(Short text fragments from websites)
=== Begin Enclosure ===
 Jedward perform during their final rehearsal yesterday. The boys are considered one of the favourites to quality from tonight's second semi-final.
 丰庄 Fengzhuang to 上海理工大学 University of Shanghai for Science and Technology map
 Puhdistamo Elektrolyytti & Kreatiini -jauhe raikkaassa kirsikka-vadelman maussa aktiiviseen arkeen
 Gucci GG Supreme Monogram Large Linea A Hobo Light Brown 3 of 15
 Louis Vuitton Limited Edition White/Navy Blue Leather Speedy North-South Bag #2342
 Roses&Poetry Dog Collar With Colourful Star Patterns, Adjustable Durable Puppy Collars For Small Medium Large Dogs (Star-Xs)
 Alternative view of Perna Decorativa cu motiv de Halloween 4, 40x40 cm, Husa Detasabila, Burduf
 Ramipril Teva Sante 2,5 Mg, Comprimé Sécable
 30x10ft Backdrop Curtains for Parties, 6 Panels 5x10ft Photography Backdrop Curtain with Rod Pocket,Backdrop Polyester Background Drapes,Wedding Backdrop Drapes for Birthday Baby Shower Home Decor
=== End Enclosure ===
* [Task brief] The records above are to be given again in full, exactly as written.

* [Response box]
 Jedward perform during their final rehearsal yesterday. The boys are considered one of the favourites to quality from tonight's second semi-final.
 丰庄 Fengzhuang to 上海理工大学 University of Shanghai for Science and Technology map
 Puhdistamo Elektrolyytti & Kreatiini -jauhe raikkaassa kirsikka-vadelman maussa aktiiviseen arkeen
 Gucci GG Supreme Monogram Large Linea A Hobo Light Brown 3 of 15
 Louis Vuitton Limited Edition White/Navy Blue Leather Speedy North-South Bag #2342
 Roses&Poetry Dog Collar With Colourful Star Patterns, Adjustable Durable Puppy Collars For Small Medium Large Dogs (Star-Xs)
 Alternative view of Perna Decorativa cu motiv de Halloween 4, 40x40 cm, Husa Detasabila, Burduf
 Ramipril Teva Sante 2,5 Mg, Comprimé Sécable
 30x10ft Backdrop Curtains for Parties, 6 Panels 5x10ft Photography Backdrop Curtain with Rod Pocket,Backdrop Polyester Background Drapes,Wedding Backdrop Drapes for Birthday Baby Shower Home Decor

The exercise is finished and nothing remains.